L’artista coreana Jukhee Kwon in mostra nella Galleria Patricia Armocida (Milano) fino al 17 febbraio 2017: dalle pagine dei libri vengono fuori opere d’arte di carta dotate di forte simbolismo.
Centinaia di migliaia di parole, metri su metri di carta, libri aperti dai quali fuoriescono le storie rimescolandosi e ricomponendosi in forme nuove: ogni parola, appare necessaria. C’è un tale mare di lettere, di inchiostro e caratteri che scriverne di nuove sembra un oltraggio. Meglio seguire il filo di parole disperse e ricostruire un senso, una storia nuova. Le opere della Kwon hanno la forza, tipica delle opere d’arte, di incollarti a loro, facendoti venir voglia di osservarle da ogni direzione. Una calma bianca, impregnata dell’odore della carta.
“Non pativa dolore” si legge guardando oltre il vetro dell’opera From Book to The Space: una piccola Madonna di carta, un Santo sottovetro, il capo costituito dal piccolo libro Poesie di Rilke e il corpo, i vestiti nient’altro che le pagine tagliuzzate a mano. Una piccola miniatura degna di un fedele devoto, che la si potrebbe ritrovare in una Chiesa senza stupirsi.
I libri abbandonati e inutilizzati sono i protagonisti delle opere della Kwon perché “per me, ogni libro ha una personalità individuale e una storia simile a quella degli uomini”. E così non è lasciata al caso la scelta dei libri dai quali trarre le opere: Casa di carta è sia il nome dell’opera sia il nome del libro. Un nido di rondine, un ritorno all’intimità, la casa, il rifugio. Le fragili pagine, sfilacciate con dolcezza, ricostruiscono un’idea e “certo mi pare meraviglioso e bizzarro”.
La Babel Library è come una torre, un’esplosione, un fungo di cellulosa, una nube di carta che si innalza. Oppure un tronco piazzato nel bel mezzo del nulla, centro di vita, dal quale nasce un germogliante prato di parole. Sembra di poter ascoltare il cinguettio degli uccelli incastrati nei libri e adesso liberi. Così come nella The Voice of Words pare sentire lo scrosciare delle onde di parole infrangersi sotto i nostri piedi: la retroilluminazione trasforma il letto di carta in un mare illuminato dalle lampare dei pescatori.
L’artista gioca con le parole, con il contenuto e con la forma. Lancia dei messaggi, attraverso giochi d’ombre, di mancanze, di cancellature, di tagli e ricomposizioni.
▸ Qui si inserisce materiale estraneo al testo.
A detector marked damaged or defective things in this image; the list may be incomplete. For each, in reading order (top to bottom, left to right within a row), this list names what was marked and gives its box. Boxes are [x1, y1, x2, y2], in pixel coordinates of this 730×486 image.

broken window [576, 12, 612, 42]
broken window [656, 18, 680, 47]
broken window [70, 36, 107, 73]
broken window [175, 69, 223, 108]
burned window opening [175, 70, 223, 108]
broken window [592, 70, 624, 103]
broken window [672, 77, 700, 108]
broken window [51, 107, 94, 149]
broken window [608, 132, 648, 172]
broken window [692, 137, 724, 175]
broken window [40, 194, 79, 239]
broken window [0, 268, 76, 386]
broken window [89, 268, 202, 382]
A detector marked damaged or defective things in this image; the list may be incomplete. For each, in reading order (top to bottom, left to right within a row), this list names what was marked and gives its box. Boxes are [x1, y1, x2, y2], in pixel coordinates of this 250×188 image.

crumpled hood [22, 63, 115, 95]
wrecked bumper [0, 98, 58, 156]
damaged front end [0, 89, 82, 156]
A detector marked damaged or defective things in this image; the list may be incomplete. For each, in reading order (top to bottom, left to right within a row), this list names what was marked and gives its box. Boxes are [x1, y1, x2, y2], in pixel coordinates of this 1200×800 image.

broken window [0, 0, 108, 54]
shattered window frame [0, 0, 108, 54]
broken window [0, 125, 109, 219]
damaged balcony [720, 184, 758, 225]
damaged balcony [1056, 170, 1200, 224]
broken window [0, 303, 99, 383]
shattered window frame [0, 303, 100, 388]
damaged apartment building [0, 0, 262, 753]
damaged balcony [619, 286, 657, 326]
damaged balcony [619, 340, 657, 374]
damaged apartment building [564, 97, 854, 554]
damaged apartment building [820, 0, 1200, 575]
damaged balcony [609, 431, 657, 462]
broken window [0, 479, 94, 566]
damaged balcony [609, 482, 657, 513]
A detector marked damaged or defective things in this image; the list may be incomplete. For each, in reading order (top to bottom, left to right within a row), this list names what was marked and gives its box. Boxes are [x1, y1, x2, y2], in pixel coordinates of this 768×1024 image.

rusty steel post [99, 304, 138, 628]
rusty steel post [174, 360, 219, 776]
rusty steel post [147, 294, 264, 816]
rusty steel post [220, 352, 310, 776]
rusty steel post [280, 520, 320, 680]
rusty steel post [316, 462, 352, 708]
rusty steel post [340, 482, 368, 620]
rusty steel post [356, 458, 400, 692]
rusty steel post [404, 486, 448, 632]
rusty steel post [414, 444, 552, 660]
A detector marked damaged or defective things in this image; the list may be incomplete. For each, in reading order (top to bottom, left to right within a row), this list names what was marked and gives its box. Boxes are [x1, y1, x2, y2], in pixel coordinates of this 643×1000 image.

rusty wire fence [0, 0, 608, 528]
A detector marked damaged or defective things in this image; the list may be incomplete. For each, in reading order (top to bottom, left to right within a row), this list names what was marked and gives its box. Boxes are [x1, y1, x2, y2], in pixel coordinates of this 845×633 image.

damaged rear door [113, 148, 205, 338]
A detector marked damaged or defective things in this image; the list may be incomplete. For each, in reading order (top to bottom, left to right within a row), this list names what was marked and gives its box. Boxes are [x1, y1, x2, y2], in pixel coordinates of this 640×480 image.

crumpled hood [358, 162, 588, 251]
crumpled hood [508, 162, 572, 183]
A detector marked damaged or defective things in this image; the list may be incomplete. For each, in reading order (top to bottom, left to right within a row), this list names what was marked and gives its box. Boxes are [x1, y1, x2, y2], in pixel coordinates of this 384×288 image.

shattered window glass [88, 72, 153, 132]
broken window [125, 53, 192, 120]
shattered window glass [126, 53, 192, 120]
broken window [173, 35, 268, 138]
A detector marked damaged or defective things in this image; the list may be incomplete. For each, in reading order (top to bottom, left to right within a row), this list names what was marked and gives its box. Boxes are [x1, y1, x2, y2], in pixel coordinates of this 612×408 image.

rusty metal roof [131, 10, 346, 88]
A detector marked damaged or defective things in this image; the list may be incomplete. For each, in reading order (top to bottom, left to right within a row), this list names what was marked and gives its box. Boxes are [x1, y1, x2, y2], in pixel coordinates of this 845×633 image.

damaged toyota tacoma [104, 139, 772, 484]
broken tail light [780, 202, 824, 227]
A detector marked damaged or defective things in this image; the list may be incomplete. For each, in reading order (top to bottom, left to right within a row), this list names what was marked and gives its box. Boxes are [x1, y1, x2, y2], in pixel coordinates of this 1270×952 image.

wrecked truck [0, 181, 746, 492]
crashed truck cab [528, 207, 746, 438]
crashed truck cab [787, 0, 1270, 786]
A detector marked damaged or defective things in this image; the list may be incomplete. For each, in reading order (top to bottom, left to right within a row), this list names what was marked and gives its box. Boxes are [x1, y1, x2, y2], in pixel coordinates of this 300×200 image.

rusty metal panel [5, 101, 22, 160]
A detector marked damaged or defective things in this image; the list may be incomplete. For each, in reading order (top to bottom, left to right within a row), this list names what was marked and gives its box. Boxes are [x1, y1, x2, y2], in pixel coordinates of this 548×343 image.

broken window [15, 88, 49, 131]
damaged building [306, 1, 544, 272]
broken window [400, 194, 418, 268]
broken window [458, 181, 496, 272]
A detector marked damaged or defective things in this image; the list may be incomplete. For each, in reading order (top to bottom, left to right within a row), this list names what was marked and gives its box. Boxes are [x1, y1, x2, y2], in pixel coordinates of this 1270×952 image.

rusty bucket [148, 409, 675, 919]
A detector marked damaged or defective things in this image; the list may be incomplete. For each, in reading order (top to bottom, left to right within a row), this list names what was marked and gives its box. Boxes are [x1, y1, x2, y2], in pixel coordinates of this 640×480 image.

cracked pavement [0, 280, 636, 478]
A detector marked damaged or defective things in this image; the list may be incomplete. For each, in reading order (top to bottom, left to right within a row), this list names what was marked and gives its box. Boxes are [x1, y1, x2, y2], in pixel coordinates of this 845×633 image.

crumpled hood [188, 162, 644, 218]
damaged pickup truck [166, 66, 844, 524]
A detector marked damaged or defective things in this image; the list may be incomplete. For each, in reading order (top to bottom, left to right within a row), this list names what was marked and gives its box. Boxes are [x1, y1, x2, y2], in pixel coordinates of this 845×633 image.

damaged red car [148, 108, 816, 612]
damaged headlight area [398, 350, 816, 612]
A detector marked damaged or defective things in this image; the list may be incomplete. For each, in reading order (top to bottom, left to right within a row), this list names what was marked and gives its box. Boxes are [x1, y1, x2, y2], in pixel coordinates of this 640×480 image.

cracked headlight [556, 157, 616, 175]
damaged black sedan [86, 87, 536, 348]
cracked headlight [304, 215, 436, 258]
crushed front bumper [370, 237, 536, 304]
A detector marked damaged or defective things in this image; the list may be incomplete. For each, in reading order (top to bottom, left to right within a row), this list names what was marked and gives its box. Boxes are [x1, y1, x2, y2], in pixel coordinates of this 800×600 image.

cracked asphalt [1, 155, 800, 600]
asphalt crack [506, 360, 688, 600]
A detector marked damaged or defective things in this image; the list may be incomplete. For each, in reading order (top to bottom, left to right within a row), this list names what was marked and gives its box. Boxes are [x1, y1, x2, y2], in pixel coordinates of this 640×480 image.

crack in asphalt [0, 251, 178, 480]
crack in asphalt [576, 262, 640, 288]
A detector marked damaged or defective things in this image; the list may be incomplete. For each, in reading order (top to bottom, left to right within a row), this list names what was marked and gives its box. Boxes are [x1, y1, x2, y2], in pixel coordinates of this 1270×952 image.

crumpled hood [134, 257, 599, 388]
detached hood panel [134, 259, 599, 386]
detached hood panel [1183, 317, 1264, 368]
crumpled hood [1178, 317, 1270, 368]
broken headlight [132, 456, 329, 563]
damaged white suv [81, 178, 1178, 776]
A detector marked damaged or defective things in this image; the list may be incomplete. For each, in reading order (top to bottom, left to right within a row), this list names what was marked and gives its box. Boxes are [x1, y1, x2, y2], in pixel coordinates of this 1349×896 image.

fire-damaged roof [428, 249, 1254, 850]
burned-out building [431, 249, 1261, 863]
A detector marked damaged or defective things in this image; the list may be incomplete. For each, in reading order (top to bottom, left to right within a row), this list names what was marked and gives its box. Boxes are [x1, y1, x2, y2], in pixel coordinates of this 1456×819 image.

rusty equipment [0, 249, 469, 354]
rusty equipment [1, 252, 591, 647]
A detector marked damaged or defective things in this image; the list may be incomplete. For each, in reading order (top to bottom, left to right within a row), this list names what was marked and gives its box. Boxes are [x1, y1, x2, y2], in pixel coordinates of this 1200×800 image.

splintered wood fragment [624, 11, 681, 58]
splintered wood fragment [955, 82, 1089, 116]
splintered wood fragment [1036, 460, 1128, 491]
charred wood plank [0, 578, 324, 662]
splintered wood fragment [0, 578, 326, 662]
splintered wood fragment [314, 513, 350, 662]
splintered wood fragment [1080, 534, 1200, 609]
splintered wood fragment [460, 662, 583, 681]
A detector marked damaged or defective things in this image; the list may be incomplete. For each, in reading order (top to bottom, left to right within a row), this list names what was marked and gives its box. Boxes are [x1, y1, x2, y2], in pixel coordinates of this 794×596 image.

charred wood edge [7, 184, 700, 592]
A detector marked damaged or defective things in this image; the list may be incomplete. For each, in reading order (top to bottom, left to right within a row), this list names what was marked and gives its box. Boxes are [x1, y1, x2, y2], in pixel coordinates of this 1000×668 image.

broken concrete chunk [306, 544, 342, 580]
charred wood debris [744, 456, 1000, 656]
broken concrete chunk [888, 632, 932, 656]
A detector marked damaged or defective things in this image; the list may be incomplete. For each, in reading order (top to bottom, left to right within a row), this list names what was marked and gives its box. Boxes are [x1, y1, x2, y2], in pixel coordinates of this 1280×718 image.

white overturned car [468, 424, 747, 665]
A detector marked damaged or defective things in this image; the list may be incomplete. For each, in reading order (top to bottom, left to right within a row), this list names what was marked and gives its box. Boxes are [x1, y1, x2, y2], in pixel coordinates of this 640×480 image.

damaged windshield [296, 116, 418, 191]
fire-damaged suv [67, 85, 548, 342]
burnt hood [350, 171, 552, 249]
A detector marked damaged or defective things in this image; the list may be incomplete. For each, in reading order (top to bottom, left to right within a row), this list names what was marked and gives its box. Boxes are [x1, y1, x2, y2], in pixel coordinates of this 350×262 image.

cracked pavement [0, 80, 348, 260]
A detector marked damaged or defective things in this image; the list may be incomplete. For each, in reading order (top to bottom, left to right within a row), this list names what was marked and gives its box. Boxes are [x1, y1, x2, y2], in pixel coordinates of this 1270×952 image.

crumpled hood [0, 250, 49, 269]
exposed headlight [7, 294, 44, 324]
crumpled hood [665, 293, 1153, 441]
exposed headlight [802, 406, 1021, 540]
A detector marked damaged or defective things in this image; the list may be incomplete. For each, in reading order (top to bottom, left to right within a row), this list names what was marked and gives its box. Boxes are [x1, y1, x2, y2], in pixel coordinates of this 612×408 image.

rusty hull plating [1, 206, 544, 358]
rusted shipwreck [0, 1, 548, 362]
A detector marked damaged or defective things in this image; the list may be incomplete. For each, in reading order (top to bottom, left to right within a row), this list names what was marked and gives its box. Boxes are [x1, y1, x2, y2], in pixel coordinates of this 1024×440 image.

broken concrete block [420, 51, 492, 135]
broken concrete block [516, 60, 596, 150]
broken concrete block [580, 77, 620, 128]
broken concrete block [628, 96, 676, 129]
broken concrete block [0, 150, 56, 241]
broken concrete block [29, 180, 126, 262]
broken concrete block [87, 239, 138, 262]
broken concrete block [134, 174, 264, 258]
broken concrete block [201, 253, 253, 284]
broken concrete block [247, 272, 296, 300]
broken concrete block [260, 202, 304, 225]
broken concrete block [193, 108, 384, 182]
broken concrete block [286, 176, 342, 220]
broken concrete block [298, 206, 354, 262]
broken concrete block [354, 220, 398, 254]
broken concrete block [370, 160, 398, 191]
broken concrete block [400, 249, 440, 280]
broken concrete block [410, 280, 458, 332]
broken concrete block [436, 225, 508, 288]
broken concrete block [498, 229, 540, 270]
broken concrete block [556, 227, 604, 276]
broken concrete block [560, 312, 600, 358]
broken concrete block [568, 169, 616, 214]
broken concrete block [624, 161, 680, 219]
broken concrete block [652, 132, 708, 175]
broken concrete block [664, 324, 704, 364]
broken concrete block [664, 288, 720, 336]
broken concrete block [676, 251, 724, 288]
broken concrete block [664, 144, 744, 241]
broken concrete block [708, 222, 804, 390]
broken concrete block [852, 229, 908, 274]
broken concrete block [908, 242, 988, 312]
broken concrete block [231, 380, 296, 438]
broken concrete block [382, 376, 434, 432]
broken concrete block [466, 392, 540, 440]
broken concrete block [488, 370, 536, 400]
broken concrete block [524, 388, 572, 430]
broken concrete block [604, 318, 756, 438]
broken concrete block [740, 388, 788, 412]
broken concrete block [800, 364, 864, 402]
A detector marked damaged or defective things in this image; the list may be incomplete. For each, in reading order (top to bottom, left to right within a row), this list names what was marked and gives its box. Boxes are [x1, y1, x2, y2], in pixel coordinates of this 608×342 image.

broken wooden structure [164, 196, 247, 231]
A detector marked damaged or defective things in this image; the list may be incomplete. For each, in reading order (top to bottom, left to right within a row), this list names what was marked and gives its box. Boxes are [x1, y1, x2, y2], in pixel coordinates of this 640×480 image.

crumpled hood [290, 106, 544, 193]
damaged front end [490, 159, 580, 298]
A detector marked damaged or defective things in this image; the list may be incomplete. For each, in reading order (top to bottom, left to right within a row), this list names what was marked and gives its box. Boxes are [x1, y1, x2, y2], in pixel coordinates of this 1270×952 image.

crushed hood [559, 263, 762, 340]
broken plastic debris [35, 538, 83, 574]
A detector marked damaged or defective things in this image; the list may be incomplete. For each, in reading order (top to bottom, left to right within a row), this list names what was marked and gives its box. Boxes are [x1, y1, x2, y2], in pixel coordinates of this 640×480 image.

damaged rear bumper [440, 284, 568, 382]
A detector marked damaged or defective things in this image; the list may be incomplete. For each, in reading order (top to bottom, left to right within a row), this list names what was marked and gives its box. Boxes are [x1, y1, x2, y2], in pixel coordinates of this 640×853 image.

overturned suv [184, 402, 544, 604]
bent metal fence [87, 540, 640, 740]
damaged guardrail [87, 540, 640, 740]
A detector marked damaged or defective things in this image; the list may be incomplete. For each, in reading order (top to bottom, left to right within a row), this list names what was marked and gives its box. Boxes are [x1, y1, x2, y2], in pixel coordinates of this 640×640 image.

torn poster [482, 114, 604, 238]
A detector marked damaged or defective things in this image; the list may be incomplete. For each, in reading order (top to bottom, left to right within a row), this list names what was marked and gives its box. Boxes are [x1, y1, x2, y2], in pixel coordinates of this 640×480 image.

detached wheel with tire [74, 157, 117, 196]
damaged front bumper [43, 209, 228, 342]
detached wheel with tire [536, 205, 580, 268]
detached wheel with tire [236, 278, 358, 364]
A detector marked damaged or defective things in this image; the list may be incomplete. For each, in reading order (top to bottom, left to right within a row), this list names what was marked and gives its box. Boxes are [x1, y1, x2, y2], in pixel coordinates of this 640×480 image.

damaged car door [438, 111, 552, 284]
I Cuttin Sketch meriterebbero di essere studiati uno ad uno: tecnica, messaggio, gioco. Heart’s of the Darkness, SOS, Be Quiet e L’origine dell’Universo sono piccole opere d’arte che vibrano di vita, memorandum da riguardare ogni giorno.
L’atto di espansione del libro che attraverso le parole si reinventa allude all’affermazione di libertà e di movimento: l’artista racconta così la propria esperienza di migrazione.
L’opera Wild Swans appare caratteristica. Composta da una base di piccolissimi uccelli origami, simbolo di movimento, la sommità invece è rappresentata da un libro probabilmente di storia dove sono raffigurate due cartine dell’Oriente. Un’opera che appare come un Santo Graal, simbolo della ricerca appena iniziata di nuove esperienze. Di nuovi passi appena mossi.
L’odore, il sapore, il tatto, il senso dei libri e delle parole, tutto riempie lo spazio. Il peso della lingua è leggero, come le pagine che si lasciano andare, cascando verso il basso, vittime della gravita e non più dell’uomo. La Kwon libera, libera le parole ingabbiate nella carta e regala nuova vita.